The hover-speedster transforms and speeds toward the Ark’s ramp.  

 “Look out!” Elita One cries as Shockwave sits up and blasts Plow in the head with his wave cannon.  Blur was gone before Elita One could finish the sentence.  

Megatron and Soundwave get to their feet and fire at Optimus Prime as he dives for the door of the Ark.  Ironhide drops his blaster pistol to pull Prime inside.  A second later, Phoenix roars up the ramp and transforms as the Autobots blast away at Laserbeak who was trailing him.  Laserbeak quickly veers off and again disappears to the other side of the Ark.  

Powerful Energon Converters are roaring with life deep within the heart of The Ark as the ramp door begins to swing shut.   “What about Springer and Kup, they were supposed to come with us?” 

 “There’s no time.”  Optimus Prime says sadly.  

Megatron quickly transforms and flies into Soundwave’s hand again.  The communications specialist aims at the quickly closing door when Elita One dives at them.

 “NO!”  She cries.  Soundwave turns and fires Megatron at pointblank range into the body of Elita One.  She flies back to hit the wall as the ramp on the Ark closes and locks into place.  All of the Autobots cry out but there is nothing they can do as the Arc slowly begins to lift out of its nesting place.  


Soundwave turns and begins firing Megatron into the hull of the great Autobot ship as it slowly rises out of the senate hall and into the Cybertron sky.   A minute later, Megatron is again standing beside Soundwave and Shockwave.  The Autobot resistance has retreated.  

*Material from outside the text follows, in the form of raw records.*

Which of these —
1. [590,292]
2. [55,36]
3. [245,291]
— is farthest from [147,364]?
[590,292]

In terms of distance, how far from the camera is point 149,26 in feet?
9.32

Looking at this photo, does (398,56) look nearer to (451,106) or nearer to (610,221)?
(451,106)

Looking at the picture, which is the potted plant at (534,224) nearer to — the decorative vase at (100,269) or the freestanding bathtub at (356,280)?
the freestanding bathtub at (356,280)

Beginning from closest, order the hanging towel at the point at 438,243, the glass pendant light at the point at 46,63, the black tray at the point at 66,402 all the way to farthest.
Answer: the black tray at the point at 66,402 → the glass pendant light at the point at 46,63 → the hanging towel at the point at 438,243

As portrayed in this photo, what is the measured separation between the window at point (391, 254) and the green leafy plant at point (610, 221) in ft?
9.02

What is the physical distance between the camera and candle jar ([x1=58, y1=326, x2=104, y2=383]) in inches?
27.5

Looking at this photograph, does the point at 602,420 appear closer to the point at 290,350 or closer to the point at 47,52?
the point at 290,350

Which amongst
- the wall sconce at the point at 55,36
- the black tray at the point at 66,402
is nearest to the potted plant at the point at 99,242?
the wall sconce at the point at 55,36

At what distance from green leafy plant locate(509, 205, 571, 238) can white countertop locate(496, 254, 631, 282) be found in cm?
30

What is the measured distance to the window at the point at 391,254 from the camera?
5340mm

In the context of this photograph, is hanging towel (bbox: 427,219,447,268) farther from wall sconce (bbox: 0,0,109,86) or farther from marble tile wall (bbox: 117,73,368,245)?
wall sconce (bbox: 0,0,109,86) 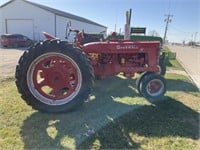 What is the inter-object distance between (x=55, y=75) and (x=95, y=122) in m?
1.20

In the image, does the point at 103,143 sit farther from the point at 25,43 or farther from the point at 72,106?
the point at 25,43

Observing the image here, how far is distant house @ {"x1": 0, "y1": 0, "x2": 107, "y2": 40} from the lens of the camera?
30078 millimetres

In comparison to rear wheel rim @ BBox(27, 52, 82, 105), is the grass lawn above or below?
below

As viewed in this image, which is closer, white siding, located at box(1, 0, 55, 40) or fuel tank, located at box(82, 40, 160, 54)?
fuel tank, located at box(82, 40, 160, 54)

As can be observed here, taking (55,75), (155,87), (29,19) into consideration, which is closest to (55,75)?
(55,75)

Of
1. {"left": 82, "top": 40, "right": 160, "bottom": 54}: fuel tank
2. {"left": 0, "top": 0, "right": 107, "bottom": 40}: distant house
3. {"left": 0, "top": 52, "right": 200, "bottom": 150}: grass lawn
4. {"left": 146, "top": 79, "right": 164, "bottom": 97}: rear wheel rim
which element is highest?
{"left": 0, "top": 0, "right": 107, "bottom": 40}: distant house

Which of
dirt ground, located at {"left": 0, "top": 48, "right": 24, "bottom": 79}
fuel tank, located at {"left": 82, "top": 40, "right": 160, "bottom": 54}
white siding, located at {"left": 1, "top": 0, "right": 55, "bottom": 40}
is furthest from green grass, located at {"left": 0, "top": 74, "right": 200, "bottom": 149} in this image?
white siding, located at {"left": 1, "top": 0, "right": 55, "bottom": 40}

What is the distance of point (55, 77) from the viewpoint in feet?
14.8

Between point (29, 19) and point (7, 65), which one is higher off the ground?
point (29, 19)

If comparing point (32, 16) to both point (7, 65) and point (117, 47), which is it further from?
point (117, 47)

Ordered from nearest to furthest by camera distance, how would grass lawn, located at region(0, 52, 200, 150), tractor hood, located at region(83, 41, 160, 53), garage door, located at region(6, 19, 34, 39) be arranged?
grass lawn, located at region(0, 52, 200, 150), tractor hood, located at region(83, 41, 160, 53), garage door, located at region(6, 19, 34, 39)

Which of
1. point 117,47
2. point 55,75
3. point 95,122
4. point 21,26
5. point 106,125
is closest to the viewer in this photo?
point 106,125

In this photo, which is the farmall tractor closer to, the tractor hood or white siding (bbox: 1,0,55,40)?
the tractor hood

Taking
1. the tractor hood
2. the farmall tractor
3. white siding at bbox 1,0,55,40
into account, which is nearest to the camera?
the farmall tractor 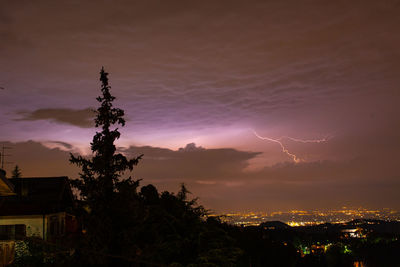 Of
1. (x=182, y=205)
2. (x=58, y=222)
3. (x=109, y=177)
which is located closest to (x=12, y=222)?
(x=58, y=222)

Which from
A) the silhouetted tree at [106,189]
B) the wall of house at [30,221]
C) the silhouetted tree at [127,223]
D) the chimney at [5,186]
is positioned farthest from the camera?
the wall of house at [30,221]

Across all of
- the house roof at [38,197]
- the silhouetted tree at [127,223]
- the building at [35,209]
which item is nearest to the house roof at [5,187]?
the silhouetted tree at [127,223]

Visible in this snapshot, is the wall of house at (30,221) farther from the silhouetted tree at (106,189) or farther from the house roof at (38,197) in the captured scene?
the silhouetted tree at (106,189)

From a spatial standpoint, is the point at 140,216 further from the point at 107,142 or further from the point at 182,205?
the point at 182,205

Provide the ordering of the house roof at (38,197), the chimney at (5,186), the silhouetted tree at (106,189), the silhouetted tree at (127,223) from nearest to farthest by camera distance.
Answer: the chimney at (5,186)
the silhouetted tree at (127,223)
the silhouetted tree at (106,189)
the house roof at (38,197)

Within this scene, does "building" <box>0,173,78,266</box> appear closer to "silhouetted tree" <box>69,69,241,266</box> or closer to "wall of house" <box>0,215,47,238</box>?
"wall of house" <box>0,215,47,238</box>

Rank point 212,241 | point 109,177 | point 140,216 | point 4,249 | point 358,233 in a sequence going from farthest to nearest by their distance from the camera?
point 358,233
point 109,177
point 140,216
point 212,241
point 4,249

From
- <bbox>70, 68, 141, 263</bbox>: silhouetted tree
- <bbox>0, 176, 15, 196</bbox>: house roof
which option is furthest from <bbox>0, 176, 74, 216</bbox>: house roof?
<bbox>0, 176, 15, 196</bbox>: house roof

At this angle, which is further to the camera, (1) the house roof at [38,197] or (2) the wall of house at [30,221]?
(1) the house roof at [38,197]
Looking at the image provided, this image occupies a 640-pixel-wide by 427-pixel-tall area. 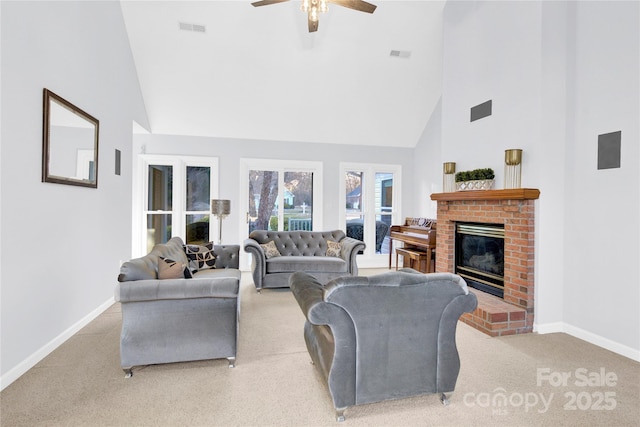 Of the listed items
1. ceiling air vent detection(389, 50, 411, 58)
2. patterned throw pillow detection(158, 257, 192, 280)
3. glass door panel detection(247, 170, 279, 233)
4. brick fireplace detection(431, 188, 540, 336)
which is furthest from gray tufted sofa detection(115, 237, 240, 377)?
ceiling air vent detection(389, 50, 411, 58)

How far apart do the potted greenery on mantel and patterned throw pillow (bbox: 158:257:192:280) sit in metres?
3.33

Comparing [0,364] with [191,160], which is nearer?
[0,364]

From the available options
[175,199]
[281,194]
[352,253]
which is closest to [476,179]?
[352,253]

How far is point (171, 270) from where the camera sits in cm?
298

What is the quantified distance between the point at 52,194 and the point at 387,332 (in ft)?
10.0

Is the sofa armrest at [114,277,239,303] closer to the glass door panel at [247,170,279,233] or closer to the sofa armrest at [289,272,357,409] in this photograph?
the sofa armrest at [289,272,357,409]

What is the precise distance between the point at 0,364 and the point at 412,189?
6.79 metres

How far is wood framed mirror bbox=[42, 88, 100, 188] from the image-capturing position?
114 inches

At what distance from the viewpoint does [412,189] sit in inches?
292

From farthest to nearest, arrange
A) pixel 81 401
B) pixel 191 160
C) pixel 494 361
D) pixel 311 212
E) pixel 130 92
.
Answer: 1. pixel 311 212
2. pixel 191 160
3. pixel 130 92
4. pixel 494 361
5. pixel 81 401

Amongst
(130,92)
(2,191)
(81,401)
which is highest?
(130,92)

 *“Curse you, Optimus Prime!” *   Megatron roars into the Cybertronian sky as the Ark streaks off into space.  

 “You let him get away, dear leader.”   Comes the high, mechanical voice of Starscream as he swoops down into the old Autobot Senate.

 *“Shut up, Starscream!”*   Megatron retorts. Turning to his aids, he says,  *“Soundwave, send Laserbeak to deliver a message to Omegacon.  Tell him to prepare to chase after the Autobots in Hyperspace.  Then you and Starscream gather as many of our forces as you can.  Shockwave, you are in charge until I return… NOW GO!” * 

* * * * * * * * * * * * * * * * * * * * * * * * * * * * * * * * * * * * * * * * * * * * * * * *

The Ark streaks through the sky with a dozen Decepticon Fighters chasing after it.  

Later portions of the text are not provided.